Modeling Defects in Materials and Quantum Dots

The simulation of defects in materials is a crucial area of research with wide-ranging implications for both fundamental science and practical applications. Understanding how atomic-scale defects influence the properties of materials can lead to advancements in technologies such as photovoltaics, photocatalysis, and sensor devices. By leveraging computational chemistry techniques to model and predict the behavior of defects, researchers can gain deeper insights into material properties, optimize manufacturing processes, and develop novel materials with tailored functionalities.

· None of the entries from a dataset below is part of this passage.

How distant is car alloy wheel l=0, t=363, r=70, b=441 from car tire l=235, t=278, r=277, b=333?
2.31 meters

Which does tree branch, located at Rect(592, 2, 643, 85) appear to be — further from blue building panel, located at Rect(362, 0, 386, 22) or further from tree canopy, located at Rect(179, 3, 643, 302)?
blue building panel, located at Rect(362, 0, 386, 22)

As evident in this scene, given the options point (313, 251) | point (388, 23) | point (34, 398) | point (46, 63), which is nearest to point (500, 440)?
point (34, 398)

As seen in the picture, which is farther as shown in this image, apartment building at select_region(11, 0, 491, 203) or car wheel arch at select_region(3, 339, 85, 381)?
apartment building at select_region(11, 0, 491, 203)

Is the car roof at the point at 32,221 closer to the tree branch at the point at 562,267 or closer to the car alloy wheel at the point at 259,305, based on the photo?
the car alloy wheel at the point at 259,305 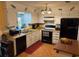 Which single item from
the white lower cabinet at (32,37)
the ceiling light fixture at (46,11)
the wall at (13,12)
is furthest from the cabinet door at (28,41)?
the ceiling light fixture at (46,11)

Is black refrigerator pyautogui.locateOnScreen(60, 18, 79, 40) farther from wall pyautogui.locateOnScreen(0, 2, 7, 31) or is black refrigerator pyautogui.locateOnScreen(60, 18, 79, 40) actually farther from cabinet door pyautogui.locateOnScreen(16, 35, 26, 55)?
wall pyautogui.locateOnScreen(0, 2, 7, 31)

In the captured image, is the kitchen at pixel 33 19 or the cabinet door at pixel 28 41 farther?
the cabinet door at pixel 28 41

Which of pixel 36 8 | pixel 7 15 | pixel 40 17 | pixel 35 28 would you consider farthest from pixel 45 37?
pixel 7 15

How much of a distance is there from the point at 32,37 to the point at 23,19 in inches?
16.9

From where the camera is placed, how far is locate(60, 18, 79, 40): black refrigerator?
159 centimetres

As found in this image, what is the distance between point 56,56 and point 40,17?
0.67m

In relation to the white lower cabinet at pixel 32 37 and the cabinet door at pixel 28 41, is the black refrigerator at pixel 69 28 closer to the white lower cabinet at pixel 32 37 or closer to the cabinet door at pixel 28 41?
the white lower cabinet at pixel 32 37

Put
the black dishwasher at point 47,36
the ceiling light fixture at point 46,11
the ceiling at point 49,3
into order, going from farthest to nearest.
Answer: the black dishwasher at point 47,36 < the ceiling light fixture at point 46,11 < the ceiling at point 49,3

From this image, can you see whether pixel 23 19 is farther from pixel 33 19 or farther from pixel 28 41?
pixel 28 41

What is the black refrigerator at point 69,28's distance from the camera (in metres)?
1.59

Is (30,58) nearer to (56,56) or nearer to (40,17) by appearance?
(56,56)

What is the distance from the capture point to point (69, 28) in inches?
64.0

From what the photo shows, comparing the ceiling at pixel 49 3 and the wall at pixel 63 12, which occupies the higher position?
the ceiling at pixel 49 3

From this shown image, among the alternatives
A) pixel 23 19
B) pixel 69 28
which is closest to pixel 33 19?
pixel 23 19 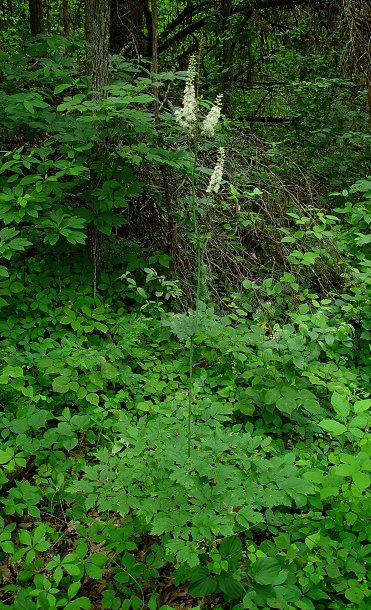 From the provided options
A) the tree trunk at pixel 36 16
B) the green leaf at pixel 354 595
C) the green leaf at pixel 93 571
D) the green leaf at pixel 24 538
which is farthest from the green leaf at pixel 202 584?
the tree trunk at pixel 36 16

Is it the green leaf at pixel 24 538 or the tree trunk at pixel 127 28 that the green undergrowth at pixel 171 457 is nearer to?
the green leaf at pixel 24 538

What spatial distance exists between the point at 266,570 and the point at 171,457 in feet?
2.03

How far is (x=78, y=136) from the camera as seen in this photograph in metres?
3.55

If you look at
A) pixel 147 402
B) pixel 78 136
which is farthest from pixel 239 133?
pixel 147 402

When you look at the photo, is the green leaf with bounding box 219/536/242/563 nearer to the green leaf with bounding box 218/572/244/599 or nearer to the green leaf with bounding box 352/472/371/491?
the green leaf with bounding box 218/572/244/599

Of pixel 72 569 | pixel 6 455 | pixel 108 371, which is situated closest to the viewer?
pixel 72 569

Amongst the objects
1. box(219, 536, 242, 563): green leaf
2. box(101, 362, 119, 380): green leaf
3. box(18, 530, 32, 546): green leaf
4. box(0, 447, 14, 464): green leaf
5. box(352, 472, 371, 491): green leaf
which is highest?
box(352, 472, 371, 491): green leaf

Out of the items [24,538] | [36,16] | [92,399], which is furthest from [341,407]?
[36,16]

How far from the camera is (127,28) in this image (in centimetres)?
490

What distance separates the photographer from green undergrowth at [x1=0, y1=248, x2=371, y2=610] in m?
2.13

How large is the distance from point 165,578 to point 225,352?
149 centimetres

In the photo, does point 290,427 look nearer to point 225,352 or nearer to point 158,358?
point 225,352

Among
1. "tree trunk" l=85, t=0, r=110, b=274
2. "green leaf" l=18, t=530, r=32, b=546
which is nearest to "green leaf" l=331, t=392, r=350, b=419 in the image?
"green leaf" l=18, t=530, r=32, b=546

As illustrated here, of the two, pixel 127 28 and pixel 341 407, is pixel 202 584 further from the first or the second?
pixel 127 28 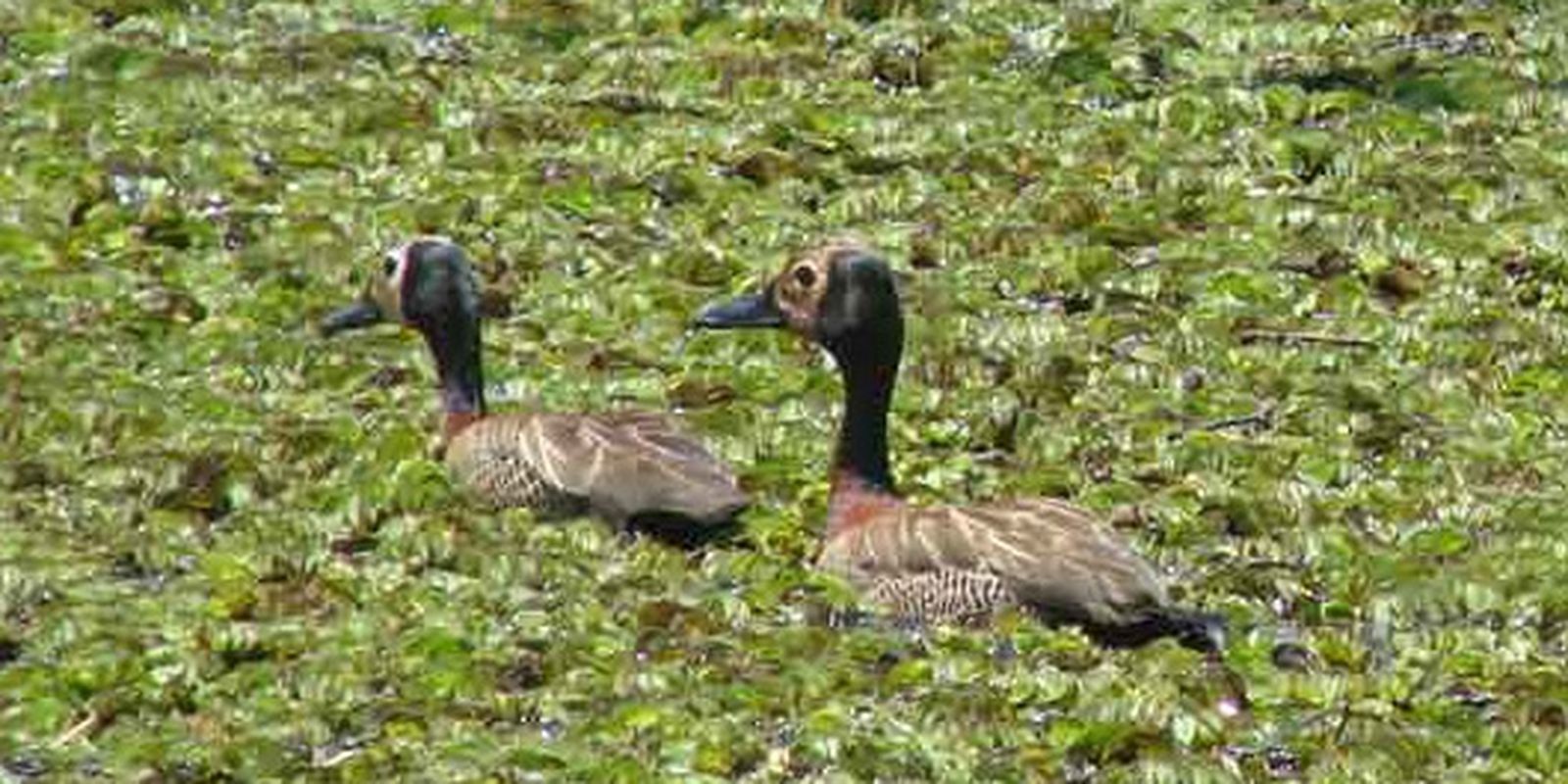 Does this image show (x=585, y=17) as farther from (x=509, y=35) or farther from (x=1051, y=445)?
(x=1051, y=445)

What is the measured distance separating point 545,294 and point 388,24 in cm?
393

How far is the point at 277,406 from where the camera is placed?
53.7ft

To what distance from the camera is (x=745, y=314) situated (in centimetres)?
1617

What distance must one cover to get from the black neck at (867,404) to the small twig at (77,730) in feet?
9.82

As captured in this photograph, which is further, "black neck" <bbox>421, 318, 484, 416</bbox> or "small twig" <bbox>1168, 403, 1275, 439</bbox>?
"black neck" <bbox>421, 318, 484, 416</bbox>

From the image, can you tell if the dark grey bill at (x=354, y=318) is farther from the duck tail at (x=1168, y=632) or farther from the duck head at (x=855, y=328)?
the duck tail at (x=1168, y=632)

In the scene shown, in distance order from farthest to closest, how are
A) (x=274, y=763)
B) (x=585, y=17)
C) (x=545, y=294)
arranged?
(x=585, y=17), (x=545, y=294), (x=274, y=763)

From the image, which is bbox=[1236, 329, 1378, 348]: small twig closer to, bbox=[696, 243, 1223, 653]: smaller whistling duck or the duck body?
bbox=[696, 243, 1223, 653]: smaller whistling duck

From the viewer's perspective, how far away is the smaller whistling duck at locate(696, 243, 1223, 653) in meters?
14.0

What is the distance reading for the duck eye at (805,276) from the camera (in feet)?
51.8

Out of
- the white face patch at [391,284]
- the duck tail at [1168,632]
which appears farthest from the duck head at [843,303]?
the duck tail at [1168,632]

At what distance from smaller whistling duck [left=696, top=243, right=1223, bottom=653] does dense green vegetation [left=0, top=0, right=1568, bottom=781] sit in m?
0.19

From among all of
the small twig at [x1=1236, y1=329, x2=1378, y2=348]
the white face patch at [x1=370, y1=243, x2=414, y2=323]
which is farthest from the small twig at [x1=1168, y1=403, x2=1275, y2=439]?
the white face patch at [x1=370, y1=243, x2=414, y2=323]

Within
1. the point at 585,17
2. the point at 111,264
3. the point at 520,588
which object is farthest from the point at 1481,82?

One of my notable projects involves investigating the emission properties of bottom-up synthesized carbon dots (CDs). CDs, produced via solvothermal methods using small organic molecules, are known for their cost-effective production, biocompatibility, strong light absorption, and versatile fluorescence. In collaboration with the Gruebele and Link groups at the University of Illinois Urbana-Champaign (UIUC), we explored how the atomic structure of CDs synthesized from different benzene diamine (DAB) isomers influences their emission properties. Using linear response TDDFT calculations on extensive datasets of carbon dot structures, we discovered that sp3 nitrogen defects in ortho and para CDs disrupt conjugation, resulting in smaller emissive domains (see illustration below). In contrast, meta DAB-derived CDs exhibit variably sized conjugated domains, leading to emissions strongly dependent on domain size variability. Our findings highlight the significant impact of precursor isomer selection on the emission characteristics of CDs, providing valuable insights for their application in optoelectronic devices. (See my paper for further details.)

Another key area of our research focuses on quantifying hot-electron transfer through plasmon-mediated pathways. Understanding hot carrier dynamics and charge transfer processes within metal-semiconductor heterostructures is pivotal for enhancing the efficiency of photovoltaic and photocatalytic devices. In collaboration with the Link group at UIUC, we aimed to quantify the electron transfer efficiency in AuNR@TiO2 core-shell heterostructures, distinguishing between direct and indirect charge transfer mechanisms. I developed an open-source software package to compute the charge-transfer component, validating the chemical interface damping (CID) model proposed by Persson. Our results showed that the experimentally observed broadening of localized surface plasmon resonance (LSPR) is primarily due to direct charge transfer across the interface. This work significantly advances our understanding of charge injection in metal-semiconductor heterostructures, indicating that direct plasmon-induced charge transfer holds promise for enhancing hot carrier extraction efficiency in devices.

Lastly, our research on controlling charge transfer in quantum dot-dye assemblies has opened new avenues for various applications in molecular electronics, photovoltaics, and sensor technologies. In collaboration with the Roberts group at the University of Texas at Austin, the Rossky Group at Rice University, and the Gruebele group at UIUC, we investigated how organic dye molecules can regulate charge transfer between quantum dots and molecular ligands. Our computational studies revealed that increased coverage of Perylene Diimide (PDI) dye on PbS quantum dots slows down charge transfer rates due to enhanced interactions among PDI molecules. This change in interaction and conformation of the dye molecules significantly impacts electronic coupling. Our ongoing efforts involve developing machine-learned force fields for better parameterization (see my paper), aiming to accurately describe the dynamics of larger nanoparticles in solution. This research underscores the potential of functionalized quantum dots with PDI, creating versatile organic-inorganic hybrid complexes with tunable photophysical properties for diverse technological applications.